• Exercise goal:
Write out again the lines from the line with "浙江援手律师事务所(浙江援手律师事务所孟维琦)" up to and including the line with "母猫快生了怎么还让公猫骑", exactly as they stand below, and skip any picture.

[Records from a collection]
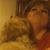 Rhonda Murray's profile image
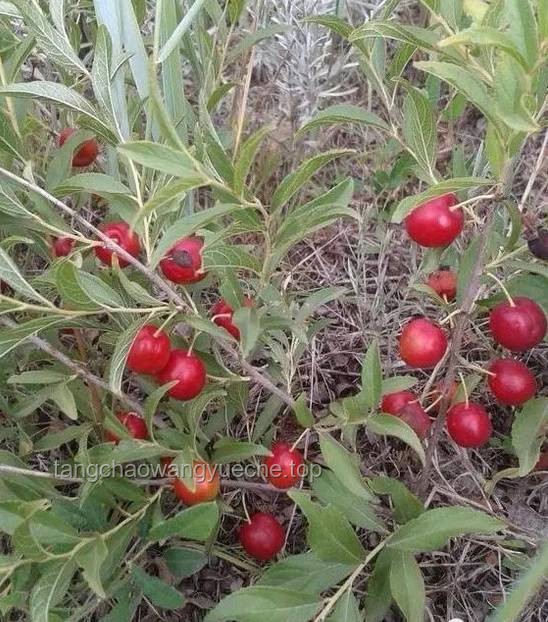 ??“酸藤子”的創(chuàng)意逆襲：從野果到竹筒槍傳奇的啟示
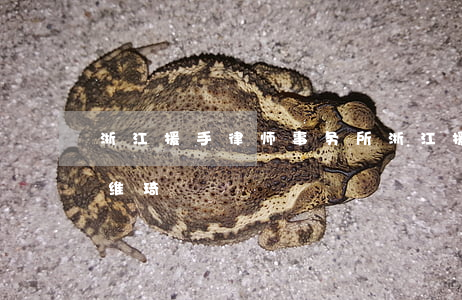 浙江援手律师事务所(浙江援手律师事务所孟维琦)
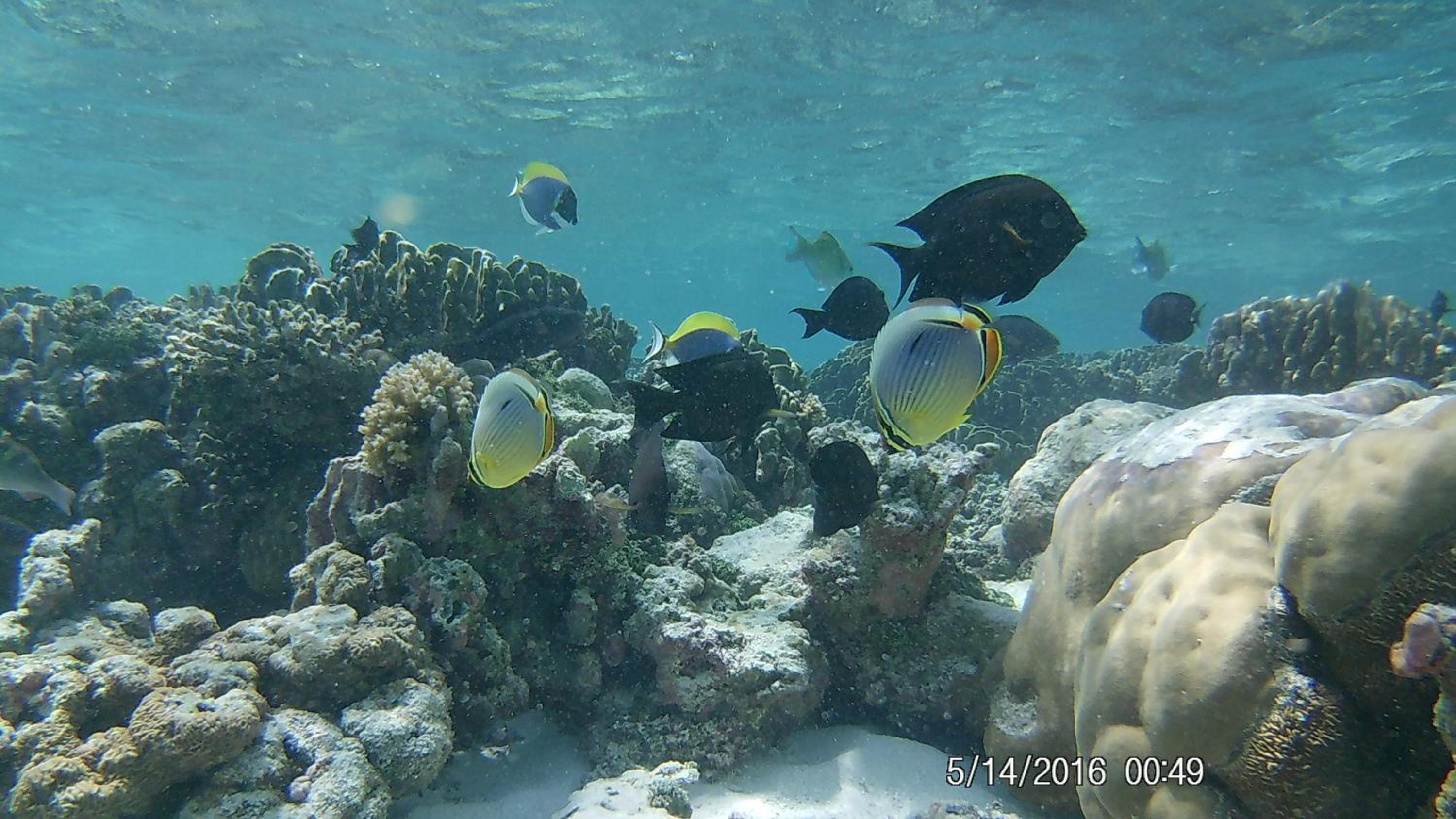 Bahari Lodge, K.Kaashidhoo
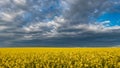 Endless agricultural field in countryside. Flowers of rapeseed oil plant Royalty Free Stock Photo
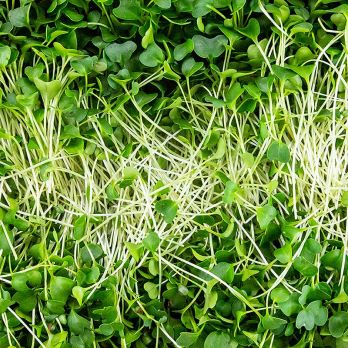 vollgepackt Microgreens Grünkohl, ganz junge Blätter / Keimlinge, 75 g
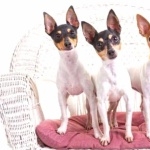 Miniature Fox Terrier image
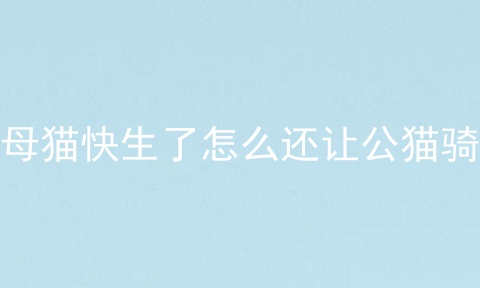母猫快生了怎么还让公猫骑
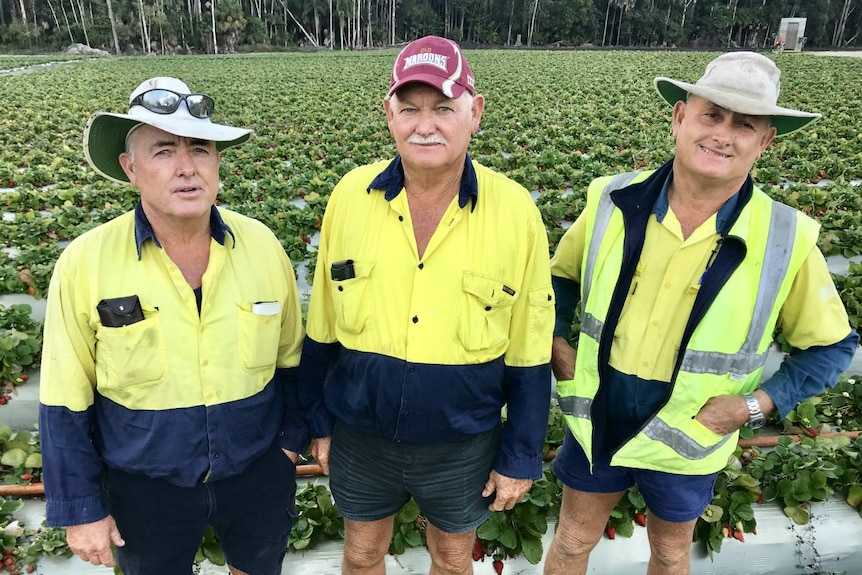 David, Rick and Jeff Twist of Twist Brothers Strawberry Farm at Chevallum, Queensland.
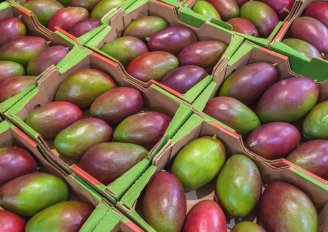Mangos in strong cardboard packages. Photo by PotapovAlexandr/Shutterstock.com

• Exercise solution:
 浙江援手律师事务所(浙江援手律师事务所孟维琦)
 Bahari Lodge, K.Kaashidhoo
 Endless agricultural field in countryside. Flowers of rapeseed oil plant Royalty Free Stock Photo
 vollgepackt Microgreens Grünkohl, ganz junge Blätter / Keimlinge, 75 g
 Miniature Fox Terrier image
母猫快生了怎么还让公猫骑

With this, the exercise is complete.